Kevin Bieksa knows how to pack for the road. Good suits smart shirts and one suitcase. Not a lot of baggage.

If only that was the case on the ice.

The Vancouver Canucks have often looked like a loose-fitting suit as they try to shape their new game with a new coach. Obviously easier said than done the optics have been as disturbing as a dress pants crease going the wrong way.

Once regarded as one of the NHL’s best shutdown pairings Bieksa and Dan Hamhuis have been aligned with new partners in an attempt to rid themselves of old habits in the John Tortorella regime.

The next test comes Tuesday against the 1-5-0 Philadelphia Flyers.

It’s not just that bizarre own-goal Saturday — when Hamhuis and Roberto Luongo looked like they were trying to put the pin back in a grenade before it exploded.

Puck handling coverage and exiting the zone have become more tedious than instinctive and that’s why Bieksa has a team-high six give-aways and why Hamhuis is a shocking minus-4. Then again Bieksa leads the team in hits (12) and is second in blocked shots (11) to Chris Tanev (15).

Tortorella promised the learning curve will be steep and long but already being sixth in the seven-team Pacific Division makes this seven-game trip vital to create some needed chemistry and cohesion.

“It’s good to have one of these trips early and kind of find our game” said Bieksa. “We understand the system it’s a matter of applying it every time — even when you’re tired and not thinking clearly. We know what we’re doing and we’re going to get better. Sometimes you revert back to old habits and we’re chasing a little bit.
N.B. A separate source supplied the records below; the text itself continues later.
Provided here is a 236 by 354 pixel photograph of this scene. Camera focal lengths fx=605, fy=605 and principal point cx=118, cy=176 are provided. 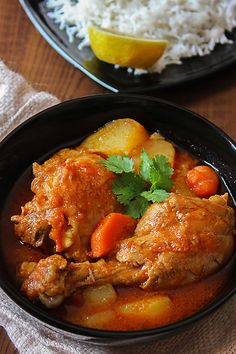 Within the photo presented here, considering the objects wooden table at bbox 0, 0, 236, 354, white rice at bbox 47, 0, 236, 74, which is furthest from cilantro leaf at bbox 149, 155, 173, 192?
white rice at bbox 47, 0, 236, 74

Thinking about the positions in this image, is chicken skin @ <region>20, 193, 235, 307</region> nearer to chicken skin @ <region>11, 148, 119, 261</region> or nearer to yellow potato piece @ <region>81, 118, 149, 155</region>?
chicken skin @ <region>11, 148, 119, 261</region>

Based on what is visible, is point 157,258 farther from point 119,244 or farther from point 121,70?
point 121,70

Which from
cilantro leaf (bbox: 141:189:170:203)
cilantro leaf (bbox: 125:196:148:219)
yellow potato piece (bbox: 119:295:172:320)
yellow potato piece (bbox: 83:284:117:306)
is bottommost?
yellow potato piece (bbox: 119:295:172:320)

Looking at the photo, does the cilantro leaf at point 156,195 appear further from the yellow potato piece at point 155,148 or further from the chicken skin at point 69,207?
the yellow potato piece at point 155,148

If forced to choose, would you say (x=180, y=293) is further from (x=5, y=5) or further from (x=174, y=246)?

“We want to stay a little bit closer to our net in those critical areas. There are a few goals we’ve let in from the slot that are going through two guys. That shouldn’t happen.

“We should be real tight in our end and making them shoot from the outside. We’re giving up point-blank shots.”
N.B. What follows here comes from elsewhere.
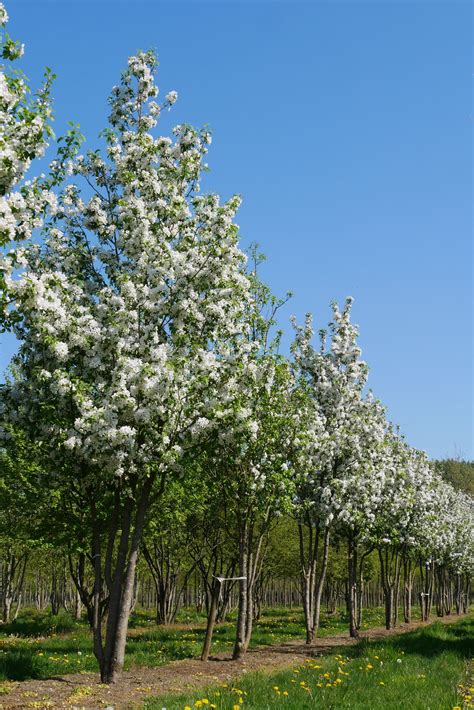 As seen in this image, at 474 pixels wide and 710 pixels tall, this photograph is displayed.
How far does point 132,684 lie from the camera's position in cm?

Hamhuis didn’t want to replay the faux-pas goal against the Montreal Canadiens but for a blueliner who is on the Team Canada radar for the 2014 Winter Olympics he’s looking more like a long shot than a roster depth consideration.

“It’s definitely not perfect” said Hamhuis “There’s more thinking going on out there and you want to be playing on instinct. The (own) goal was just a lucky chance and bad break. It’s not like you can look at tape and try to do something different. I haven’t thought about it. I made a few mistakes coverage-wise and want to be better in those areas and I know we can get better.”